There is one hyperparameter we need to tune: **`var_smoothing`**. This is the **portion of the largest variance** of all features that is added to variances for **calculation stability**.

### 3. SVC
SVC, or Support Vector Classifier, is a supervised machine learning algorithm typically used for classification tasks. SVC works by mapping data points to a high-dimensional space and then finding the optimal hyperplane that divides the data into two classes.

In [8]:
from sklearn.model_selection import GridSearchCV
from sklearn.naive_bayes import MultinomialNB, GaussianNB
from sklearn.svm import SVC
from sklearn.metrics import accuracy_score

models = {
    "Multinomial Naive Bayes": MultinomialNB(),
    "Gaussian Naive Bayes": GaussianNB(),
    "SVC": SVC()
}

- ### We will create a generic function to check each model's performance so that we can compare those

In [9]:
# Create a function which can evaluate models and return a report 

from sklearn.model_selection import train_test_split
from sklearn.metrics import classification_report, confusion_matrix
def evaluate_models(X, y, models):
    '''
    This function takes in X and y and models dictionary as input
    It splits the data into Train Test split
    Iterates through the given model dictionary and evaluates the metrics
    Returns: Dataframe which contains report of all models metrics with cost
    '''
    # separate dataset into train and test
    X_train, X_test, y_train, y_test = train_test_split(X,y,test_size=0.2,random_state=42)
    

    models_list = []
    scores = []
    
    for i in range(len(list(models))):
        model = list(models.values())[i]
        model.fit(X_train, y_train) # Train model

        # Make predictions
        y_pred = model.predict(X_test)

        score = accuracy_score(y_test,y_pred)
        
        model_name = list(models.keys())[i]
        print(f'---- score for --- {model_name} ----')
        print(f"{score}")
        models_list.append(model_name)
        scores.append(score)
    
    print()
    
    report = pd.DataFrame()
    report['Model_name'] = models_list
    report['Score'] = scores        
    return report

In [10]:
report = evaluate_models(x, y, models)

---- score for --- Multinomial Naive Bayes ----
0.9777777777777777
---- score for --- Gaussian Naive Bayes ----
0.9526570048309179
---- score for --- SVC ----
0.9594202898550724



In [11]:
report.sort_values('Score')

Unnamed: 0,Model_name,Score
1,Gaussian Naive Bayes,0.952657
2,SVC,0.95942
0,Multinomial Naive Bayes,0.977778


- ### From the report above we can see that the Multinomial Naive Bayes model performed the best, so we will continue training our model using Multinomial Naive Bayes algorithm.

In [12]:
from sklearn.model_selection import train_test_split

X_train, X_test, y_train, y_test = train_test_split(x,y, test_size=0.2, random_state=42)

In [17]:
from sklearn.naive_bayes import MultinomialNB
import numpy as np

params = {
    'alpha': np.linspace(0.1, 1.0, 10)  
}
mnb_model = MultinomialNB()
mnb_cv = GridSearchCV(mnb_model, params, cv = 5)
mnb_cv.fit(X_train, y_train)

print("tuned hpyerparameters :(best parameters) ",mnb_cv.best_params_)
print("accuracy :",mnb_cv.best_score_)

tuned hpyerparameters :(best parameters)  {'alpha': 0.1}
accuracy : 0.9779971259835621


In [19]:
from sklearn.metrics import confusion_matrix, accuracy_score

spam_detect_model = MultinomialNB(**mnb_cv.best_params_)
spam_detect_model.fit(X_train, y_train)
y_pred = spam_detect_model.predict(X_test)
confusion_m = confusion_matrix(y_test, y_pred)
accuracy = accuracy_score(y_test, y_pred)

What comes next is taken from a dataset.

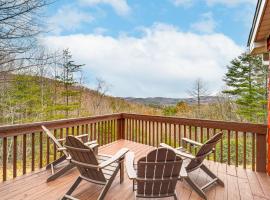 Pet-Friendly Cabin with Hot Tub in North Carolina!，位于Stony Fork的酒店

print(f"Accuracy of the model is {accuracy}")
print(f"The confusion matrix is: \n{confusion_m}")



Accuracy of the model is 0.9768115942028985
The confusion matrix is: 
[[728  14]
 [ 10 283]]


- So we can see that the model performed well and we have got an accuracy of 96% which is pretty insane. In our project we will be having all these models and we will be selecting the models based on the performence.